Commensurately, those that blame high US wages or a strong buck as “America’s chief culprits” are just not getting the big picture right, much less how to best address it: with “brick-by-brick” home-grown solutions (for largely home-made problems) instead of with misleading, silly, and patronizing claims of having (virtually) instantly “made America great again!”  Moreover, reputational integrity does matter when a president is attempting to make constructive deals for his country.  Yes, Virginia, both policy and integrity (character) matter.

 

Allocation conclusion:

If, against all odds, the rule of law is restored in the US and the lawless actors infesting the governing class/controlling the instrumentalities of power are brought to justice, the profound  and breath-takingly stunning “gravity of it all” would rapidly turn greed into fear in terms of so-called “traditional asset” valuations.  In other words, sales would drive risk premiums much higher and net present values much lower, pricking today’s “bubble valuations.”

In the meantime, the US government’s reckless, deficitary fiscal policy would be even more exposed in a GDP-pummeling trade war — we are already way overdue for a recession amidst a historically weak, waning-productivity, debt-encumbered, artificial recovery.  Huge US commitments, political calculations, and a fiat currency — “The US can pay any debt …, it just can’t guarantee purchasing power” — could result in unprecedented amounts of dollar printing.  It appears to be more a question of “when” rather than “if.”  This suggests that the buck will be sacrificed in a tactical attempt to protect money center bank balance sheets (and the Fed itself) from “valuation meltdowns” and to meet “nominal dollar commitments” of a strategic nature.  Monetization of debt would become permanent and be expanded upon.  How does one spell “doubling-down on currency debasement?”  Against this backdrop, it is hard to imagine a secularly more bullish case for undervalued precious metals — and a more opportune time to reduce exposure to massively overvalued bonds and stocks.  (And please recall, markets are “reversion beyond the mean machines!”)

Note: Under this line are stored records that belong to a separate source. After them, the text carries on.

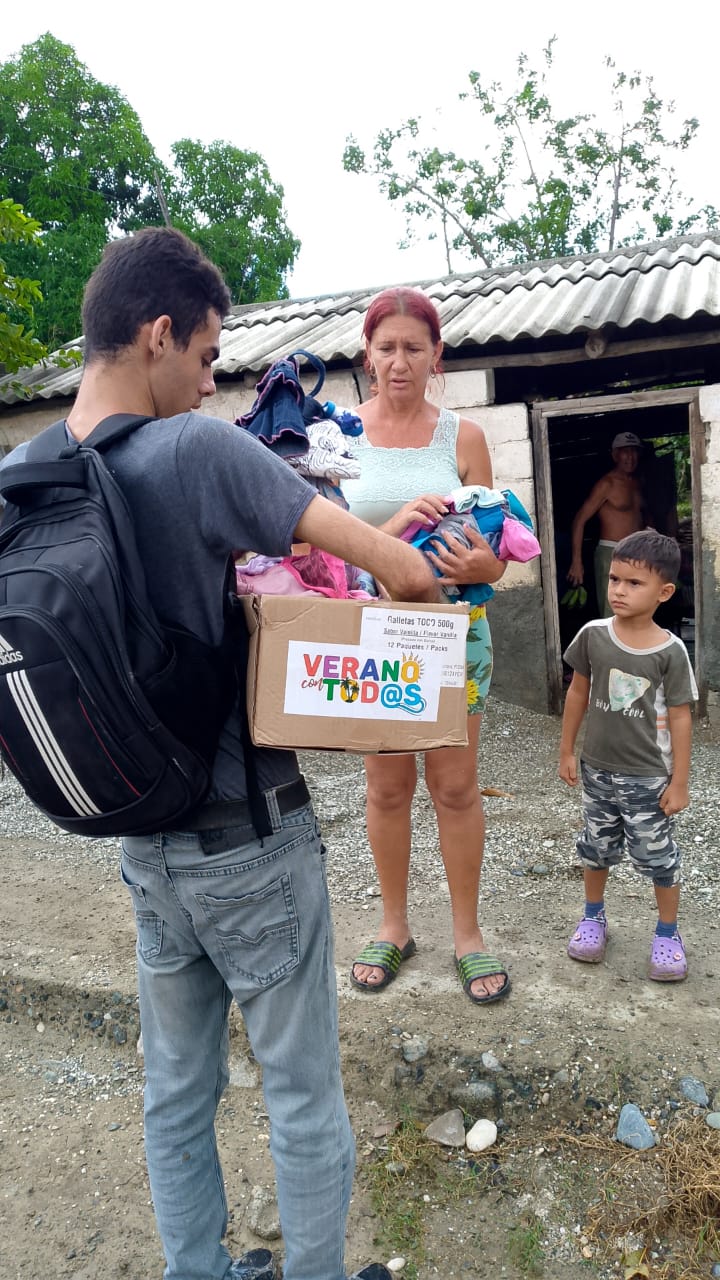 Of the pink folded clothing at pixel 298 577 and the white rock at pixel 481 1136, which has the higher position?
the pink folded clothing at pixel 298 577

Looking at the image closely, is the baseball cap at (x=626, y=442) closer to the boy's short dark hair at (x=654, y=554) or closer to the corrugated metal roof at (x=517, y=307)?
the corrugated metal roof at (x=517, y=307)

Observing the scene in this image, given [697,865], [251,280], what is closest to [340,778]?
[697,865]

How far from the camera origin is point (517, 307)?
20.7ft

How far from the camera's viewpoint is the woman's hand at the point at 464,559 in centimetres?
173

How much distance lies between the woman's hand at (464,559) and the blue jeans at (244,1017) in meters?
0.64

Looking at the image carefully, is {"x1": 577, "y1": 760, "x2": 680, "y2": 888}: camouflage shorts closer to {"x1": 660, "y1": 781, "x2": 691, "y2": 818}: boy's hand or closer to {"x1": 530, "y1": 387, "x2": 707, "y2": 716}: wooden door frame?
{"x1": 660, "y1": 781, "x2": 691, "y2": 818}: boy's hand

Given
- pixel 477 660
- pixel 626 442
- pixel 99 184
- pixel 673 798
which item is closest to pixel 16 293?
pixel 477 660

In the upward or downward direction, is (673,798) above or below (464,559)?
below

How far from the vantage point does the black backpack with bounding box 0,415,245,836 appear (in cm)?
109

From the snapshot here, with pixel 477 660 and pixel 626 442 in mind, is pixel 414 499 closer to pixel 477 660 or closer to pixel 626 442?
pixel 477 660

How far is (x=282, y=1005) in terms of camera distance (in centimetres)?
133

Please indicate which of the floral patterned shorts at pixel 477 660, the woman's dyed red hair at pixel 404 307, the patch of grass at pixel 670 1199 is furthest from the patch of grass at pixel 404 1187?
the woman's dyed red hair at pixel 404 307

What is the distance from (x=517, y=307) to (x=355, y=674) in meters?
5.71

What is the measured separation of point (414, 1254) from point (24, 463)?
74.6 inches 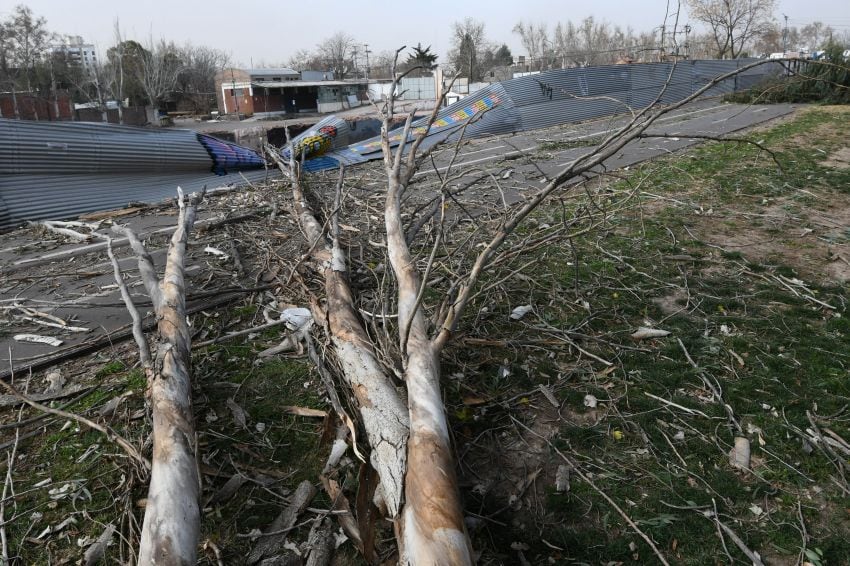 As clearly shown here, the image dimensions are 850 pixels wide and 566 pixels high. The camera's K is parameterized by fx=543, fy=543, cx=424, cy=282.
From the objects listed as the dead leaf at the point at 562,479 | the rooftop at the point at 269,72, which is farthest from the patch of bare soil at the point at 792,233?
the rooftop at the point at 269,72

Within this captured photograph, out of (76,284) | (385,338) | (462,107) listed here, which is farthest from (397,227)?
(462,107)

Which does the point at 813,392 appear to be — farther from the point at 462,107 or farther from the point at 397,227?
the point at 462,107

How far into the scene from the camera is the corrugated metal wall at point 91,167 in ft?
27.1

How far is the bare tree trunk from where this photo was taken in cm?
196

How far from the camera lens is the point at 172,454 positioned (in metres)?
2.36

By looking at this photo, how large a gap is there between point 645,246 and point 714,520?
3.47 meters

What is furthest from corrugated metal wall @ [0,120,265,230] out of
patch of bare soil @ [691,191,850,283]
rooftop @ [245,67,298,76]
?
rooftop @ [245,67,298,76]

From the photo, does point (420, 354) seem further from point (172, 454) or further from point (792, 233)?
point (792, 233)

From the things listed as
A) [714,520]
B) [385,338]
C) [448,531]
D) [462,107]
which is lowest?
[714,520]

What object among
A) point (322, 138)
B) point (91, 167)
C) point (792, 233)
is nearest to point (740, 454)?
point (792, 233)

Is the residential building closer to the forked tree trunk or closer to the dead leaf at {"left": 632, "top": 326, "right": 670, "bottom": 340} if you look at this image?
the dead leaf at {"left": 632, "top": 326, "right": 670, "bottom": 340}

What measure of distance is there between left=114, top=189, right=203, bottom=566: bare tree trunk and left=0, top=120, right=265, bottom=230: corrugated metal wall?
6282 millimetres

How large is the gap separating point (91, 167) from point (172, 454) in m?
8.60

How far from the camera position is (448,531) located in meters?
1.87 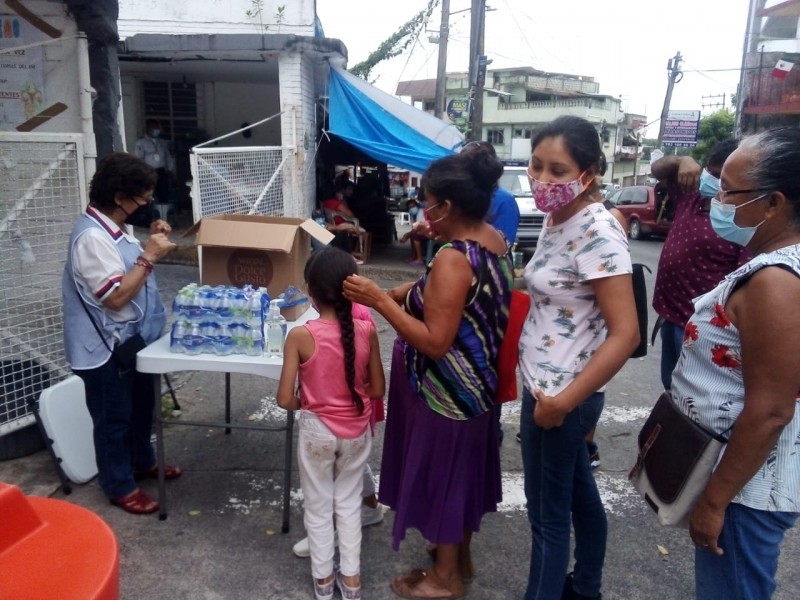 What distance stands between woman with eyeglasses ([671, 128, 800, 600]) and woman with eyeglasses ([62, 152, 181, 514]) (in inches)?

Finally, it is fitting indeed, on Independence Day, that we celebrate America’s historical blueprints — The Declaration of Independence, which led to the first-ever strict enumeration of governmental powers and codification of individual liberty and inalienable rights, otherwise known as the US Constitution, including the Bill of Rights.  How appropriate that Americans, and proponents of codified freedom around the globe, still have the unique opportunity to fortify their financial fortunes with the very “constitutional money” that could prove pivotal in the challenging times ahead in terms of supporting their families and in terms of helping to rebuild a return to free market capitalism and constitutionalism.  An increasing number of originalist/constitutional judges should be of strategic help.  Thank you, Mr. President.

Sincerely,

Dan Kurz, CFA

www.dkanalytics.com

This commentary is not intended as investment advice or as an investment recommendation. Past performance is not a guarantee of future results. Price and yield are subject to daily change and as of the specified date. Information provided is solely the opinion of the author at the time of writing.  Nothing in the commentary should be construed as a solicitation to buy or sell securities. Information provided has been prepared from sources deemed to be reliable but is not a complete summary or statement of all available data necessary for making an investment decision.  Liquid securities can fall in value.